From ab5818560434333647a61e1e27255b4a29677c6c Mon Sep 17 00:00:00 2001
From: Alyssa Rosenzweig <alyssa.rosenzweig@collabora.com>
Date: Wed, 1 Apr 2020 10:04:13 -0400
Subject: [PATCH] pan/bit: Add preliminary FMA/ADD/MOV implementations

Missing some details about modifiers but the core structure should
look like this for 32 and 16-bit, I think.

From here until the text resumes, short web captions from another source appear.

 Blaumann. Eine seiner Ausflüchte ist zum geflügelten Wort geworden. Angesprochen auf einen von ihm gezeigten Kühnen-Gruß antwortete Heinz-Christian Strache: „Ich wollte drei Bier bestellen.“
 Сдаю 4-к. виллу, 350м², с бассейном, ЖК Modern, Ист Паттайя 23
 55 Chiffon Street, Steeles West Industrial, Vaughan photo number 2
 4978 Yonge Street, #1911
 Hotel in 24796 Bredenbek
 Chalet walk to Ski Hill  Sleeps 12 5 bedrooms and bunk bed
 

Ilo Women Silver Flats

My sincerest apologies for
the macro magic, I tried to make it the least bad I could but trying to
keep down repitition.

Signed-off-by: Alyssa Rosenzweig <alyssa.rosenzweig@collabora.com>
Part-of: <https://gitlab.freedesktop.org/mesa/mesa/-/merge_requests/4458>
---
 src/panfrost/bifrost/test/bi_interpret.c | 149 +++++++++++++++++++++--
 1 file changed, 136 insertions(+), 13 deletions(-)

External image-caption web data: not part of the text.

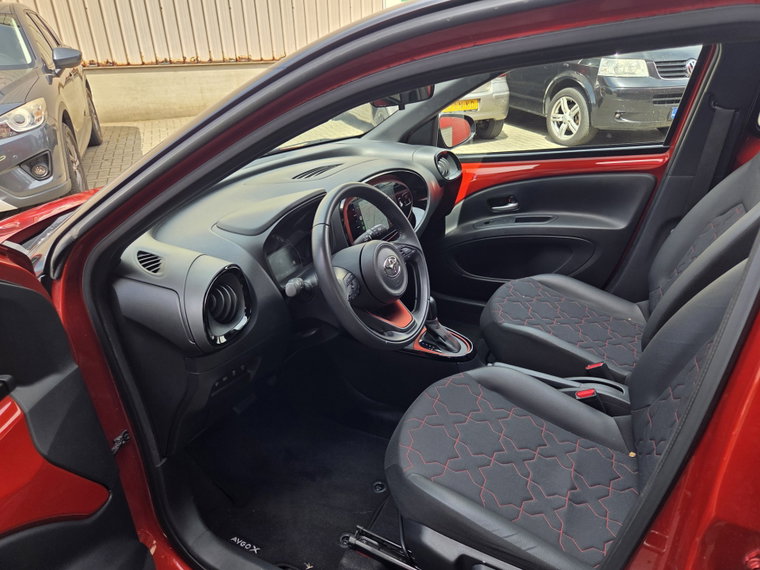 Vehicle Image 15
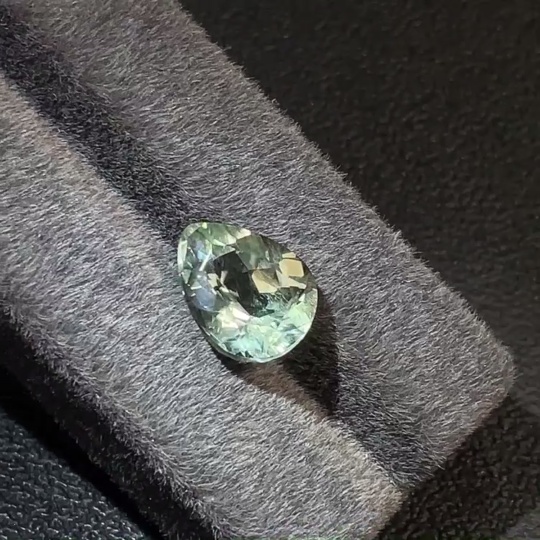 C24796034 Crystal Rough Stone Total Weight Approx. 7.58 Carats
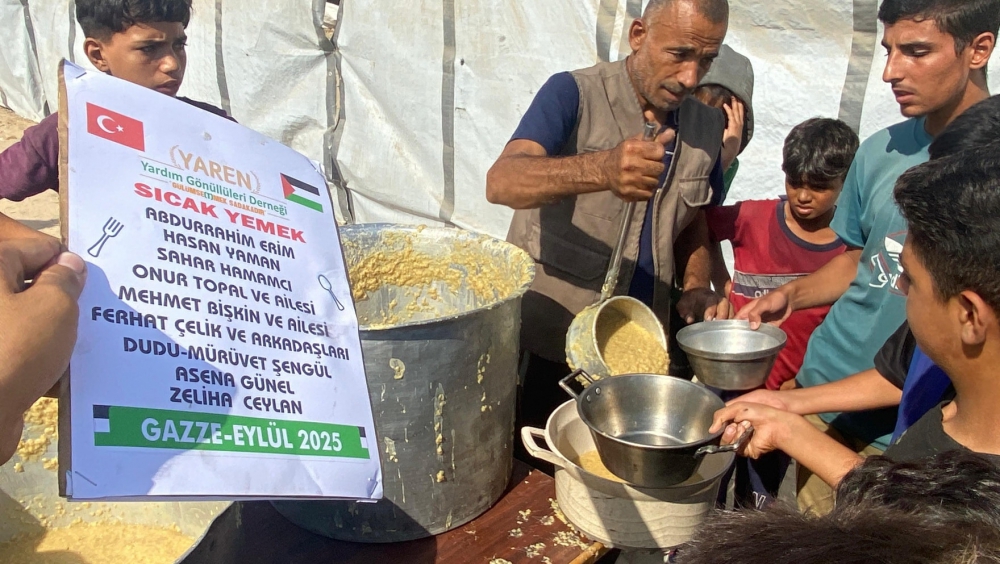 GAZZE ; Sıcak yemek dağıtım...  ( Tel Elhawa mah.)
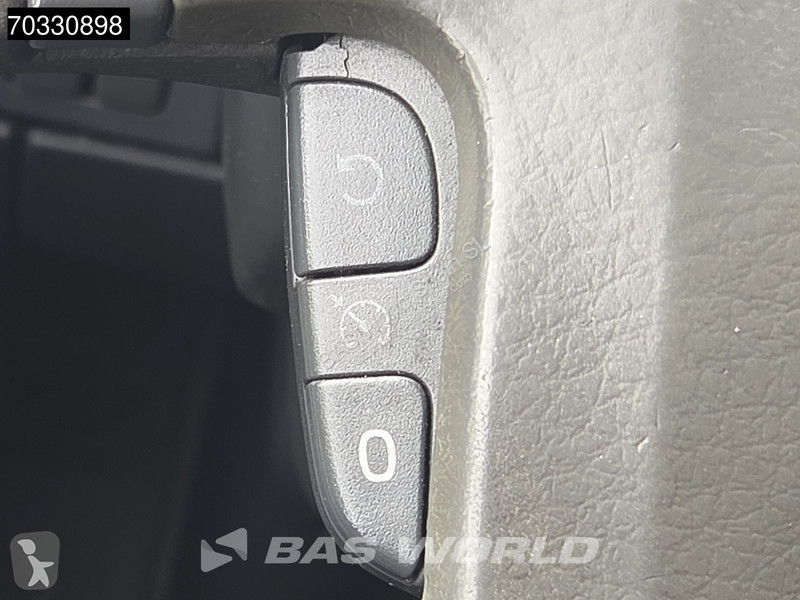 Volvo 320 4X2 20.5 Tonelades 1500kg plataforma...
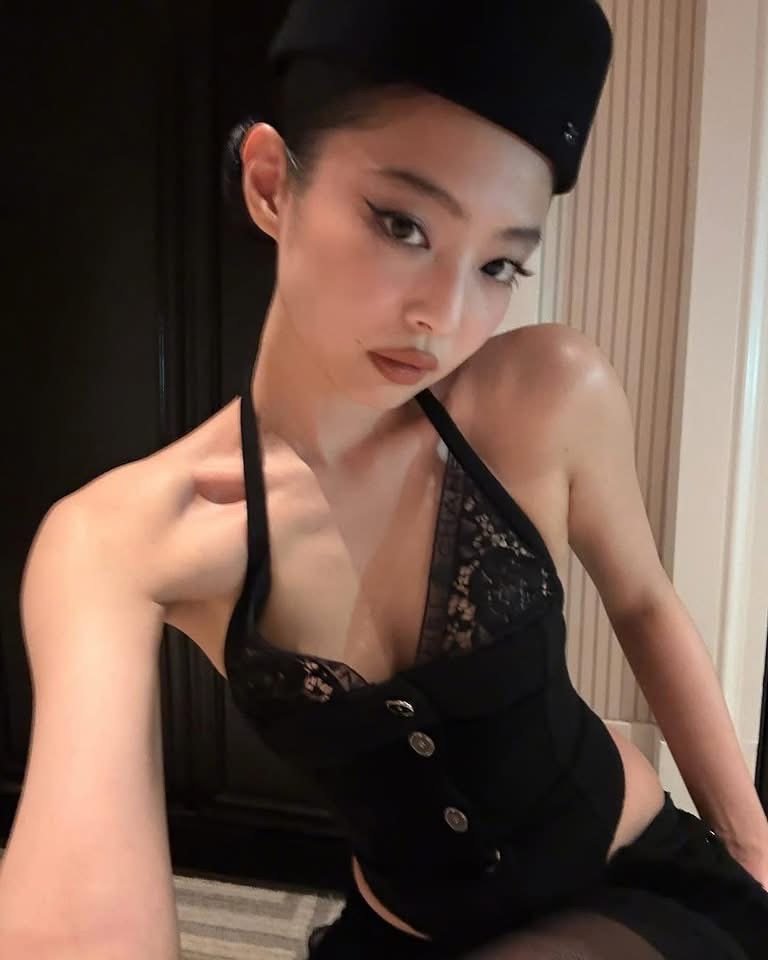 Foto aktivitas terbaru Jennie (BLACKPINK)
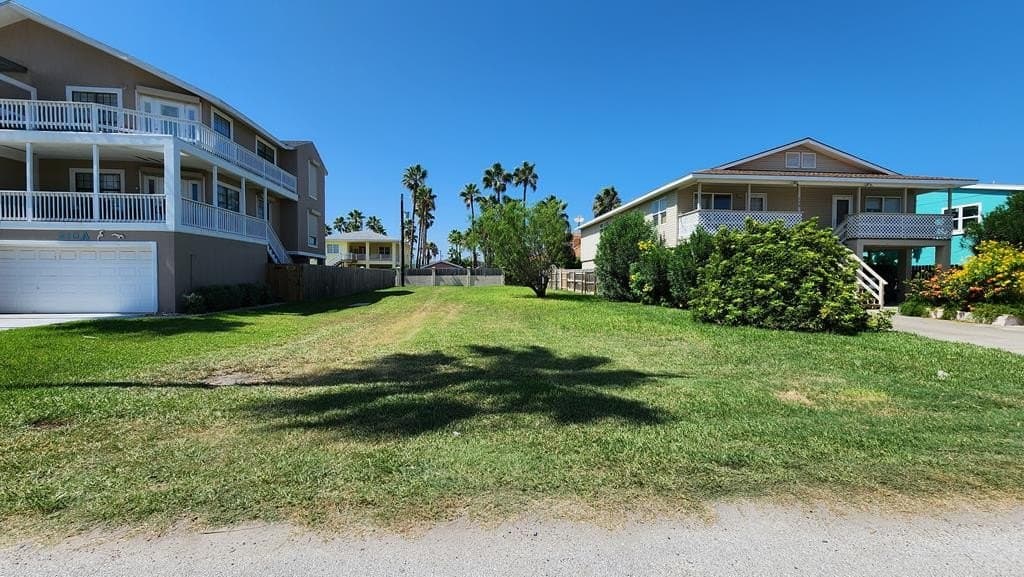 208 Oleander St.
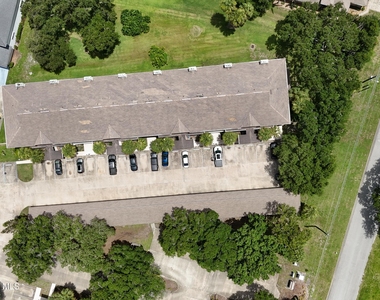 1600 Woodland Drive - Photo Thumbnail 36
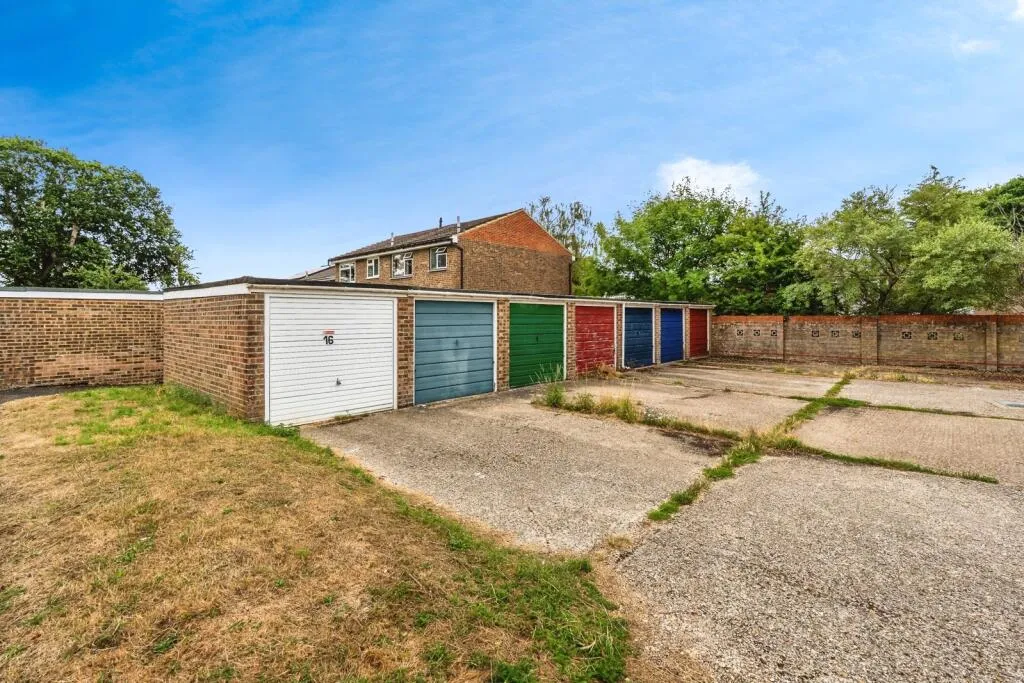 3 bed Terraced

diff --git a/src/panfrost/bifrost/test/bi_interpret.c b/src/panfrost/bifrost/test/bi_interpret.c
index 608dfea8f71..ccfd09548ea 100644
--- a/src/panfrost/bifrost/test/bi_interpret.c
+++ b/src/panfrost/bifrost/test/bi_interpret.c
@@ -25,15 +25,20 @@
  */
 
 #include "bit.h"
+#include "util/half_float.h"
 
 typedef union {
         uint64_t u64;
         uint32_t u32;
         uint16_t u16[2];
         uint8_t u8[4];
+        int64_t i64;
+        int32_t i32;
+        int16_t i16[2];
+        int8_t i8[4];
         double f64;
         float f32;
-        uint16_t f16;
+        uint16_t f16[2];
 } bit_t;
 
 /* Interprets a subset of Bifrost IR required for automated testing */
@@ -83,6 +88,102 @@ bit_write(struct bit_state *s, unsigned index, nir_alu_type T, bit_t value, bool
         }
 }
 
+#define bh _mesa_float_to_half
+#define bf _mesa_half_to_float
+
+#define bv2f16(fxn) \
+        for (unsigned c = 0; c < 2; ++c) { \
+                dest.f16[c] = bh(fxn(bf(srcs[0].f16[ins->swizzle[0][c]]), \
+                                        bf(srcs[1].f16[ins->swizzle[1][c]]), \
+                                        bf(srcs[2].f16[ins->swizzle[2][c]]), \
+                                        bf(srcs[3].f16[ins->swizzle[3][c]]))); \
+        }
+
+#define bv2i16(fxn) \
+        for (unsigned c = 0; c < 2; ++c) { \
+                dest.f16[c] = fxn(srcs[0].u16[ins->swizzle[0][c]], \
+                                        srcs[1].u16[ins->swizzle[1][c]], \
+                                        srcs[2].u16[ins->swizzle[2][c]], \
+                                        srcs[3].u16[ins->swizzle[3][c]]); \
+        }
+
+#define bf32(fxn) dest.f32 = fxn(srcs[0].f32, srcs[1].f32, srcs[2].f32, srcs[3].f32)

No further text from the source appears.